King’s Joy vegetarian restaurant in Beijing

Tourism often involves a ton of planning. You read up and plan and follow your itinerary leaving very little to unexpected surprises, unless of course you are a backpacker. There is so much information available online, it is hard to have much left to chance anyway. But there are those rare occasions when you meet with something or someone completely unexpected and unplanned, which become etched in your memories as treasured experiences that go beyond a Facebook feed or a blogpost write-up or an Instagram photo.

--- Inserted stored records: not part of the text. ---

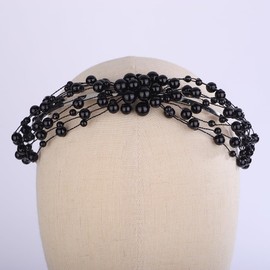 Teyglen Pearl Wedding Headband Bridal Wedding Pearl Beads Headband Tiara Floral Blue Red Black Pearl Hair Piece Hair Accessories for Women Girl Party Prom Brithday (Black)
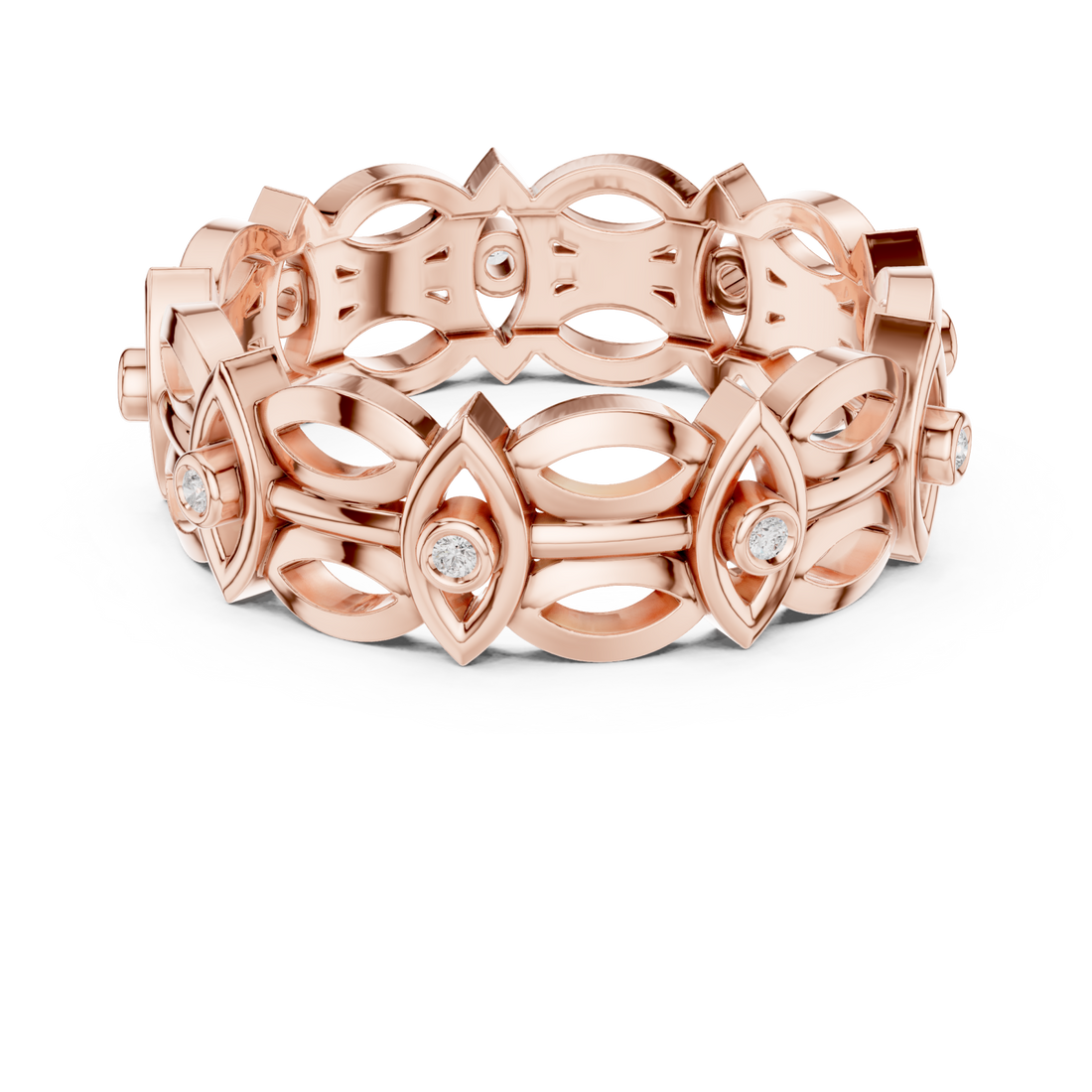  Rose Gold Meadow Vista Eternity Stacking Band Right View
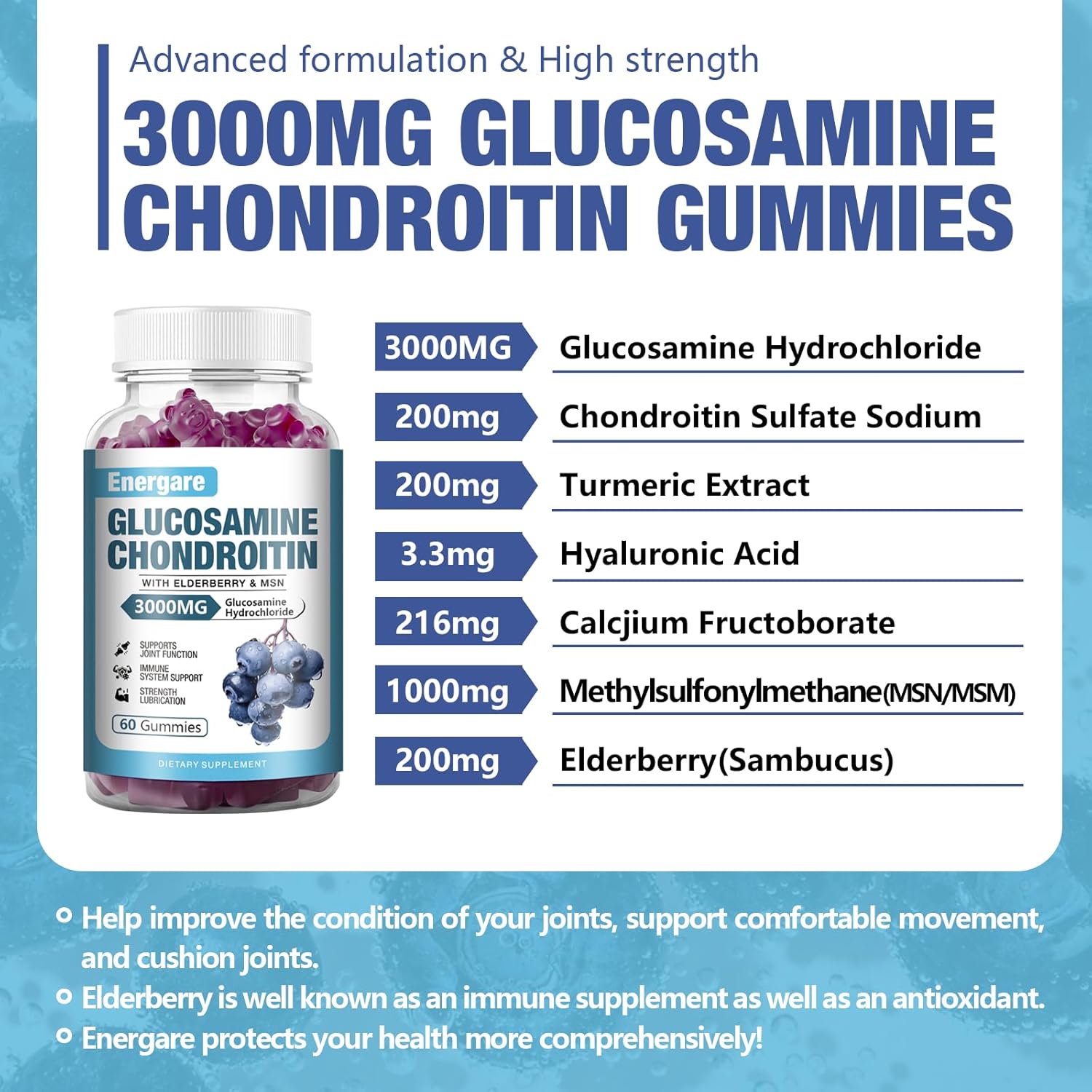 Extra Strength 3000mg Glucosamine Chondroitin with MSM & Elderberry Gummies for Joint Health, Flexibility, and Immune Support - 60 Count Pack for Adults, Men, and Women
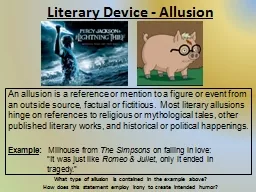Literary Device - Allusion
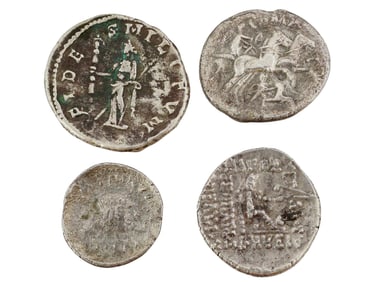 ANCIENT SILVER COINS FROM VARIOUS ERAS AND REGIONS
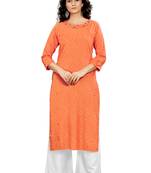 Orange Printed Rayon Ethnic-Kurtis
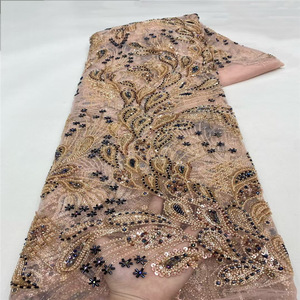 Tessuti in Pizzo con Paillettes e Perline di Alta Qualità Nigeriana, Delicato Pizzo per Abiti <span class=keywords><strong>da</strong></span> <span class=keywords><strong>Sposa</strong></span> e <span class=keywords><strong>da</strong></span> Cerimonia - Product Image 3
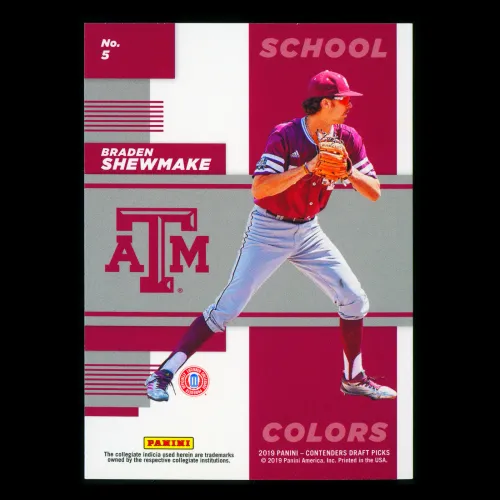 Braden Shewmake 2019 Contenders Draft Picks School Colors Aggies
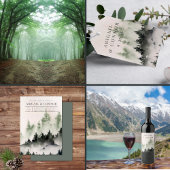 Evergreen Mountain Mist Rustikal Save the Date Ankündigungspostkarte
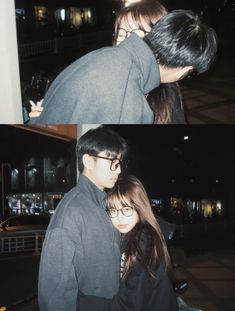 two pictures of a man and woman kissing each other in front of a building at night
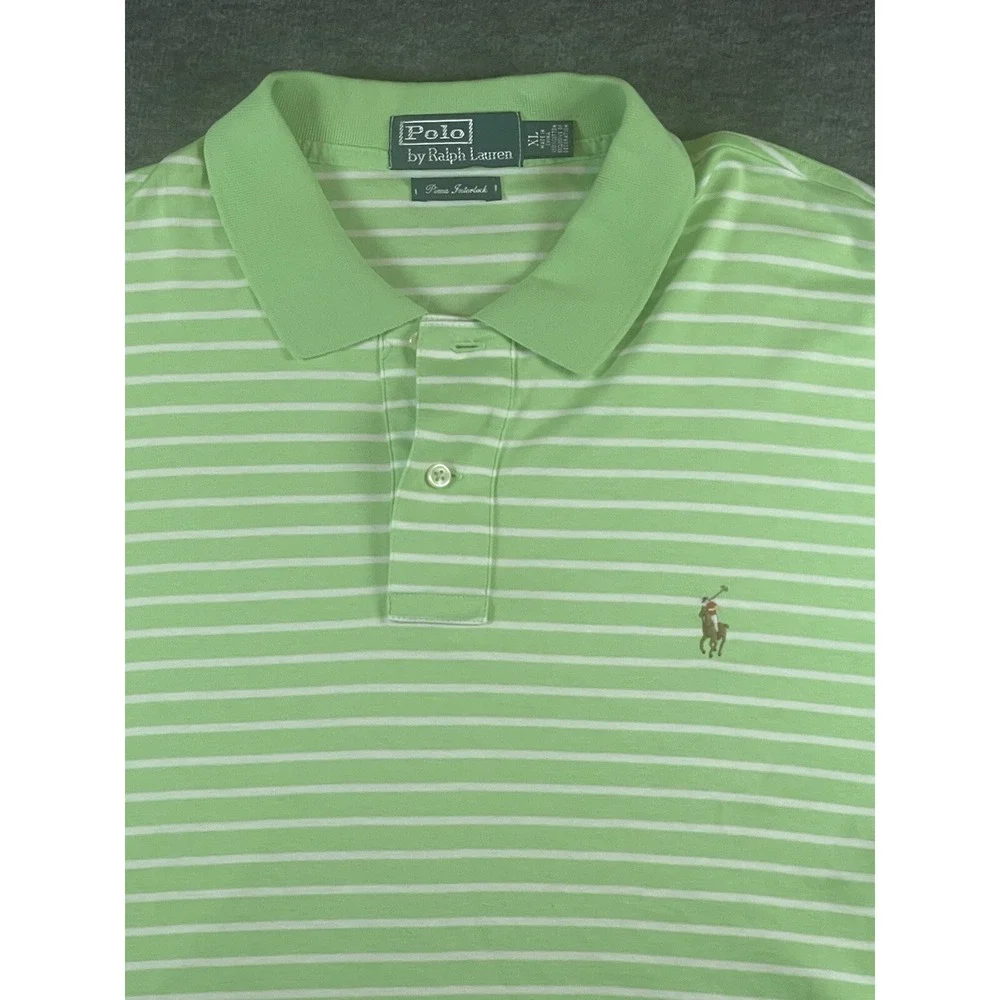 Vintage Polo By Ralph Lauren Pima Interlock Polo Shirt Mens XL Lime Green Stripe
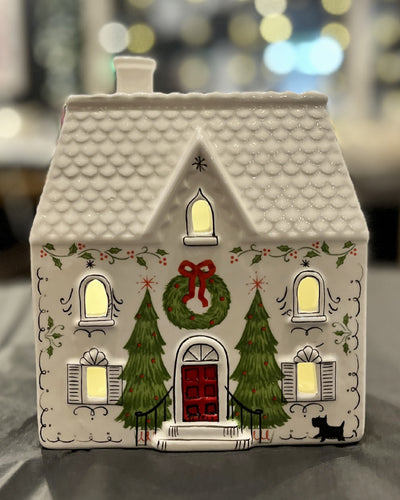 POINSETTIA GARDEN LED WHITE ROOF CHRISTMAS HOUSE RTM656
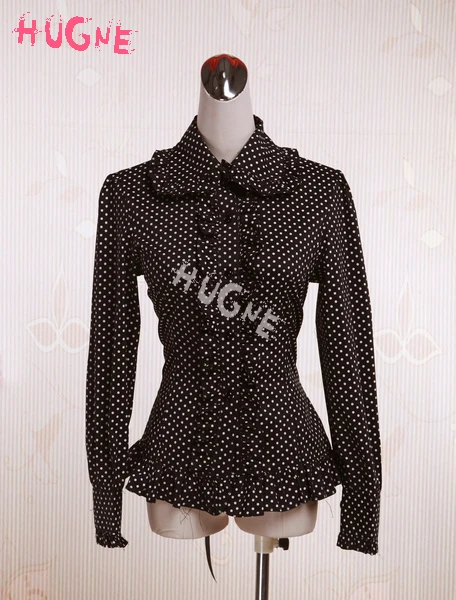 

Cotton Black Lolita Blouse with White Dots Long Sleeves Ruffles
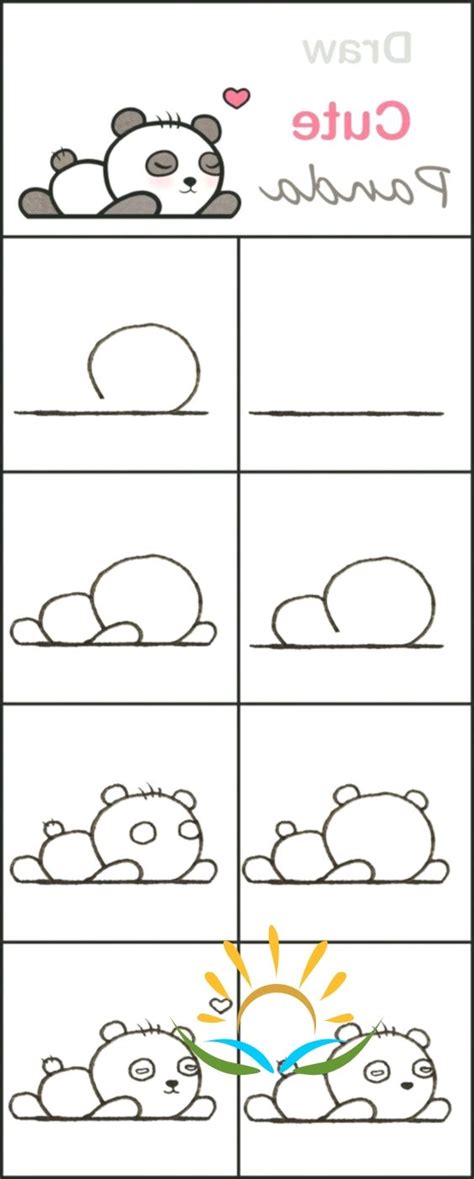 Learn How To Draw A Cute Baby Panda Step By Step ♥ Very Simple Tutorial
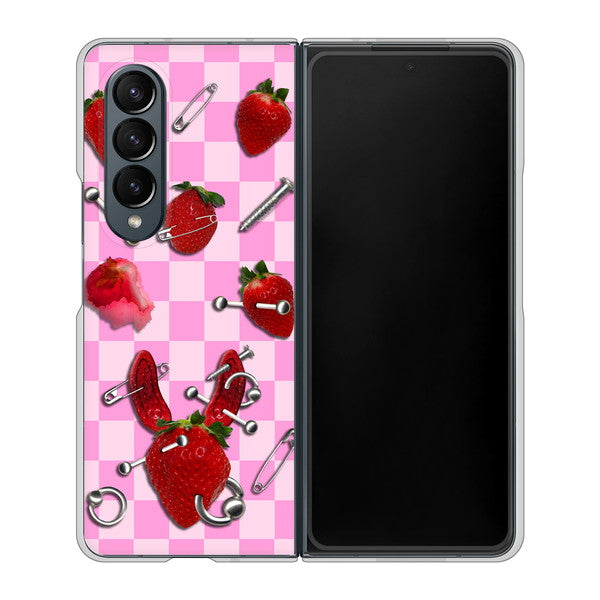 Galaxy Z Fold4 SC-55C docomo 高画質仕上げ 背面印刷 ハードケース【AG832 苺パンク（ピンク）】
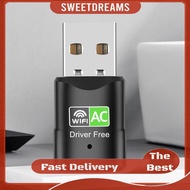 2.4GHz 5.8GHz Dual Band WiFi Receiver Free Drive USB Network Card WiFi Receiver Compatible with Wind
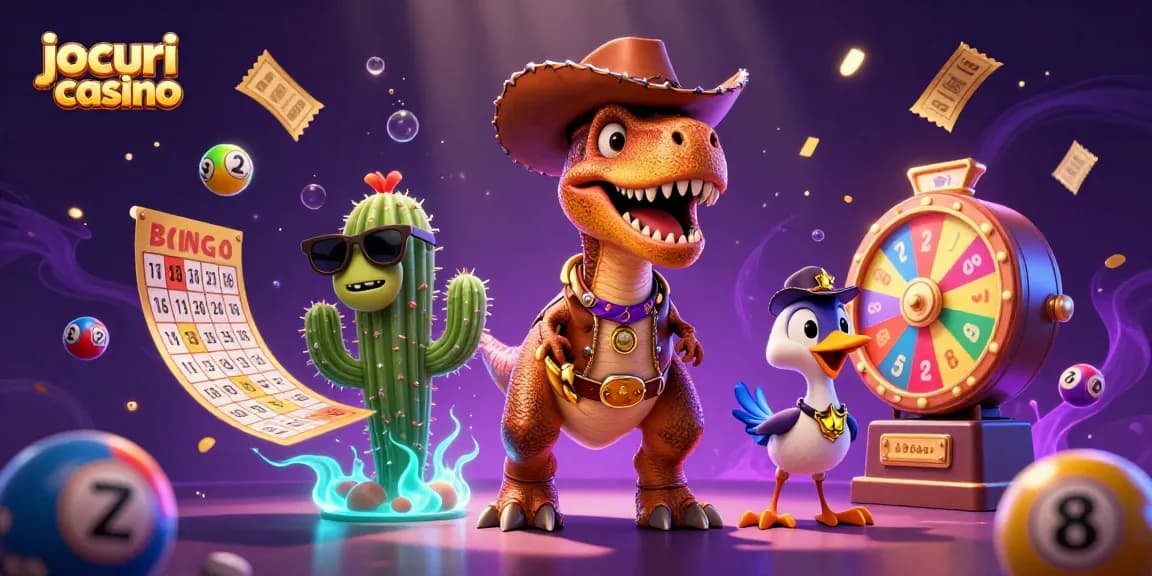 Joacă jocuri casino cu această ilustrație animată captivantă cu personaje 3D.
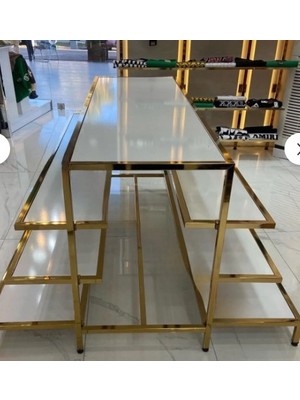 Md Vitrin Dekorasyon Gold Kaplama Mağaza Katlama Bankosu (Özel Yapım)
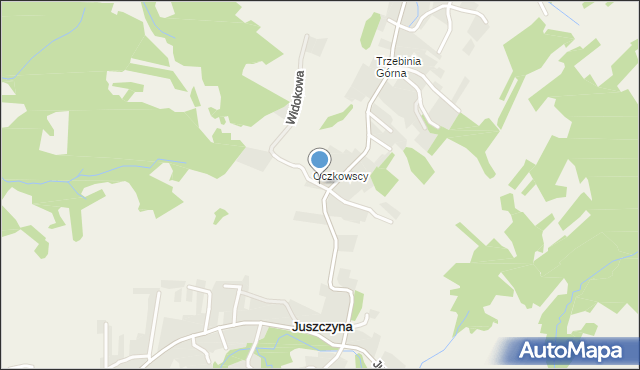 Juszczyna, Widokowa, mapa Juszczyna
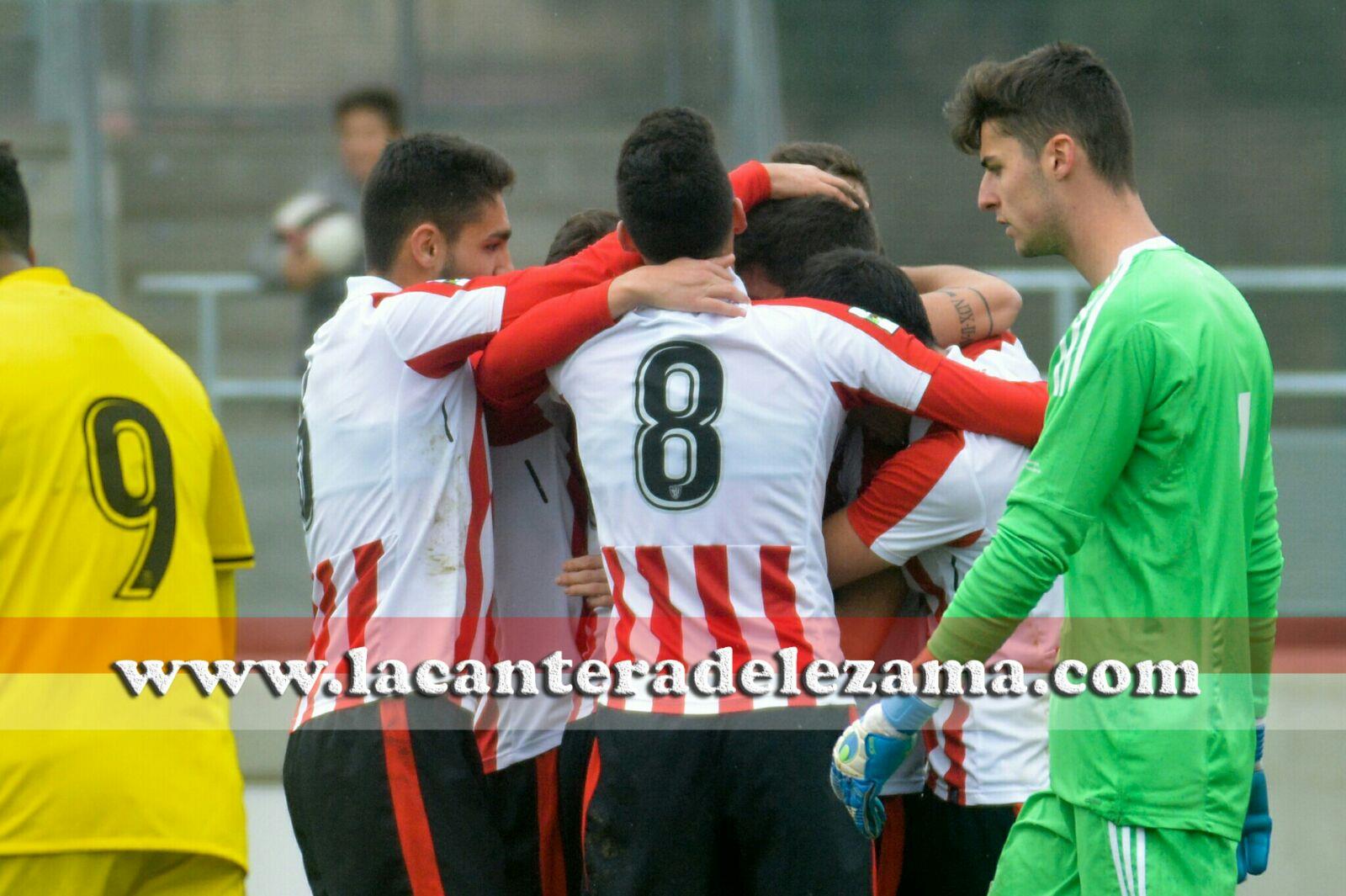 Celebración de un gol del Bilbao Athletic | Foto: Unai Zabaleta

I remember discovering a restaurant dedicated to mushrooms in Paris; finding a Greek township on a hill near Ephesus and ending up staying with one of the nicest hosts in her home; a school of pink dolphins frolicking in the water like they were in a fun park; then there was a time on a safari, after looking for tigers for the whole evening, we gave up only to find a tigress playing with her cub, right in the middle of the road, completely oblivious to a jeep full of gawkers. Adding to this frugal list is the chance finding of an absolutely gem of a place in Beijing – a vegetarian restaurant: King’s Joy.

Thanks to a mis-communication with the taxi driver which brought us to the area nearby, we happened to find the entrance quite by chance. Unlike other restaurants whose doors open onto the main street, the door to King’s Joy is tucked on the side, making it a little hard to see it at first. Once inside, it is like entering a sanctuary – peaceful and an absolute delight to the senses, it is created by someone with exquisite taste and a firm belief in the entire concept of vegetarianism. What sets it apart is that even though it is vying to gain Michelin star accolade, it does so by keeping it a relatively inexpensive, inclusive and ensuring that the staff is friendly and down to earth.

The meal is also a wonderful prelude to the walk inside the Lamma Temple set inside a serene compound.

Highly recommend it.


Located inside a Hutong, the old Chinese courtyard houses, the entrance is actually on the side, a small hidden door, secretly guiding the visitors to an enchanted place.


Mist-filled outdoors greet you upon arrival – a refreshing start to the experience.


Guests are treated to a melodious harp music, which creates a surreal atmosphere.


The set menus offer the best option to savour all the dishes. I opted for the RMB 399 meal. The meals go up to RMB 1299 or you can opt for a la carte. There is also a high tea menu.

The set course is to be shared by 2 people, and for RMB 399 (approx US$45), it is not a bad deal at all. It started with a glass of tomatoes sprinkled with plum powder. To tell you the truth, I had forgotten the taste of sweet, delicious cherry tomatoes. The plum powder adds to the flavour.


I tried to create my own form of edible art.


The fruit sushi was a side order from al la carte menu and interestingly, the chef included banana puree. It was very refreshing.


A course of turnip, peas and hawthorne (tasted like quince)


A nourishing soup with walnuts


Although the waitress very kindly explained this course, I couldn’t understand what the English translation was. It tasted like barley but promised eternal beauty.


A side order of fried rice with nuts and pineapple


We were told the chef loved mushrooms.  We found mushrooms in many courses (I think the chef and I think alike). I would give anything to have mushrooms for the rest of my life, meal after meal after meal.


The misty welcome found its way to our dessert too. Mango pudding with red bean cake on the side.


The restaurant has a lot to discover inside. Its courtyard has a fruit tree with more mist making it feel like we are in a mountainous place.

Still life

Reservations are highly, highly recommended as the place is very busy. As we waited, we found various still life art installations around us, gently carrying us into this gastronomical wonderland. The owner has fine taste, that is for certain.


More still life art in the waiting area


The bird is free. The chef is a true believer of vegetarianism and his belief can be seen in conceptual translations via art – here the bird is free.